Curry sauces are incredibly versatile in plant-based home cooking. You can use them in a bowl with grains and vegetables, on baked potatoes, and with burgers or patties, or even pasta. Tikka masala is a creamy tomato sauce often made with heavy cream or yogurt. Here I use cashews and blend them with water for a smooth vegan cream that thickens once it’s stirred into the wonderfully spiced tomato base. You can make it as mild or as spicy as you like. I often serve vegetables with this sauce on top of brown rice.
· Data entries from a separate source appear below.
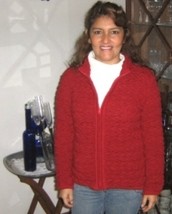Red jacket made of alpacawool, outerwear  - $98.00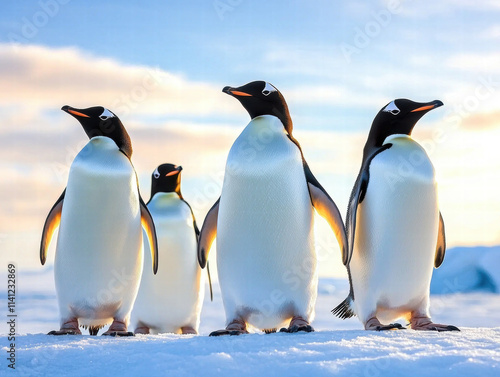 Climate change, wildlife crisis. Four penguins standing on snow with a scenic background of sky and clouds. photo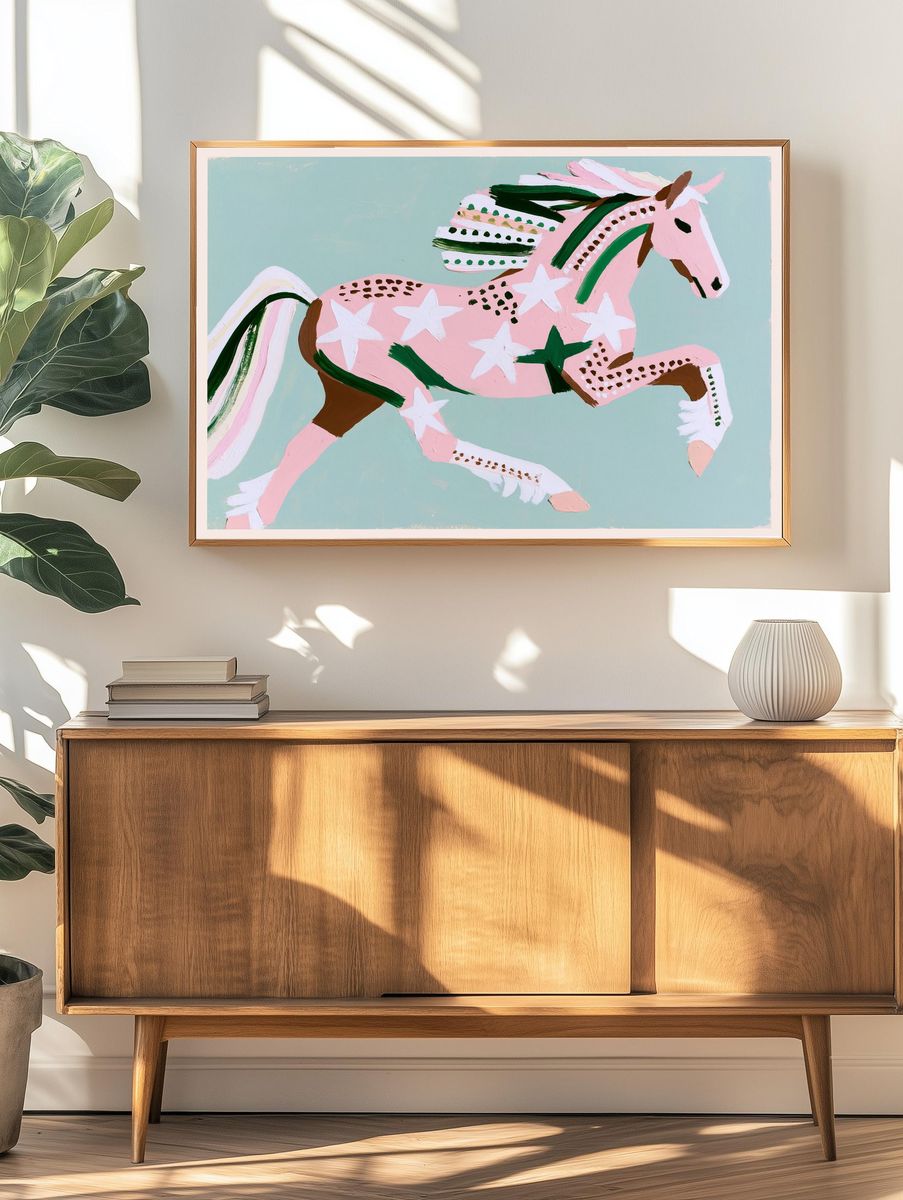 Pastel Running Horse Illustration Poster. — room view 3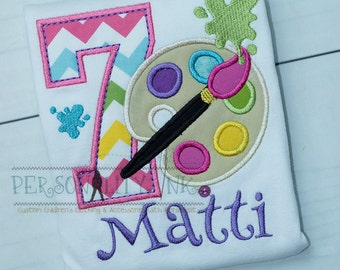 Paint Party - Art party - Create - Girls birthday shirt - Boys paint shirt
From The Plant-Based Anti-Inflammatory Cookbook

Yield: Makes 5 servings
Time: 60 minutes
  • ½ cup raw cashews
  • ½ cup red, yellow, or white onion, diced
  • 2 cloves garlic, finely chopped
  • 1 teaspoon fresh ginger, finely chopped
  • 2 tablespoons tomato paste
  • 1 teaspoon turmeric
  • 1 teaspoon cumin
  • 1 teaspoon coriander
  • ¾ teaspoon garam masala
  • ½ teaspoon salt (or to taste)
  • ½ teaspoon freshly ground black pepper (or more to taste)
  • ¼ teaspoon red pepper flakes or Kashmiri chili powder (or more to taste)
  • ¼ teaspoon cardamom
  • 1 (15-ounce) can fire-roasted or plain diced tomatoes
  • ⅓ cup loosely packed cup fresh cilantro leaves and stems, chopped
  • 5 cups steamed or cooked vegetables (red bell peppers, broccoli, cauliflower, peas, kale, etc.)
  • 5 cups cooked brown basmati or long-grain rice

Instructions

  1. Soak the cashews in water for 2 hours or pour boiling water over them, cover, let them soak for about 20 minutes, then drain them. Put the cashews in a blender with ¾ cup water. Blend on high for 30 seconds or longer, until the cashews are dissolved. Set aside cashew milk for later.
  2. Water sauté the onion, garlic, and ginger in a large saucepan or skillet until the onion is tender and transparent, 8 to 10 minutes. Add in the next nine ingredients (through cardamom) and cook, stirring constantly, for about 4 minutes, until the mixture is fragrant. Add in the diced tomatoes, increase the heat, bring the mixture to a boil, then reduce the heat. Simmer with the lid ajar, stirring occasionally, for about 10 minutes, adding a little water if it gets too dry.
  3. Add the cashew milk and cilantro to the sauce and simmer for 5 minutes, stirring often, until thick. Add water, if needed, and adjust seasonings after tasting. Blend the sauce until smooth, if desired. I prefer to let it cool a bit and then blend it in my high- speed blender so that it is very smooth.
  4. Prepare the steamed or cooked vegetables to your liking, and stir them together with the warm curry sauce and serve with brown rice. The sauce keeps in the refrigerator for about a week. The sauce freezes well.